Nos juntamos alrededor de 40 personas en la ya mencionada esquina. Y los guías dan comienzo al tour. Justo en ese lugar nos encontramos con la Iglesia de la Gratitud Nacional. Un lugar cargado de historia, por ejemplo en esta iglesia se velaron los restos del histórico ministro Diego Portales y que en 1989 fue declarado Monumento Nacional.

Luego caminamos en dirección a la cordillera por la Alameda un par de cuadras y nos detenemos en el Teatro Carrera. En plena Alameda este teatro albergó los primeros espectáculos de Santiago y se convirtió en un polo de las artes en los años 30.
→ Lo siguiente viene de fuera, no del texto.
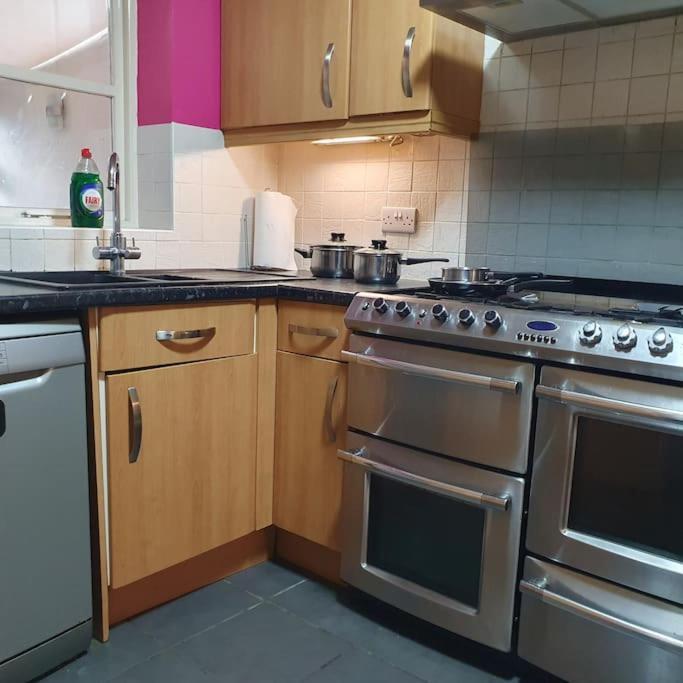 Ideally Located Contemporary 3 Bed Spacious House Wainscot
En este lugar los guías de Santiago a Pata nos cuentan un poco la historia del teatro, como dato anecdótico, la primera película vista en este teatro se llamaba “Te acordarás de mi”. Impresiona la construcción al estilo necoclásico y sus mosaicos y azulejos resaltan su fachada.

Seguimos el recorrido y nos internamos en la calle Concha y Toro, aquí definitivamente es como retroceder al pasado. Sus casas de estilo, gótico, necoclásico, resaltan de sobremanera. Sin duda es un tesoro escondido dentro de la capital.

La calma de sus calles, y la calidez de sus vecinos nos hacen darnos cuenta de que la vida de barrio aún se respira en este entorno.  Las calles de Concha y Toro son imágenes que debemos inmortalizar, es por esto que todos los asistentes al tour nos detenemos durante varios minutos para fotografiar con nuestras cámaras y celulares la rica arquitectura que nos ofrecen estas calles.

Terminamos el tour en la Plaza Libertad de Prensa, enclavada en el corazón mismo de este barrio. Aquí nos espera una feria itinerante con personajes disfrazados de la época colonial. Los cuáles ofrecen libros, adornos para la casa y también nos deleitan con pequeñas muestras musicales en un escenario montado especialmente para nuestra visita.

Alrededor de esta plaza tenemos hostales, y reaturantes como el Zully, que destaca por tener una arquitectura tematizada en sus diferentes salones y una terraza, en dónde tomarse un pisco sour se transforma en una obligación.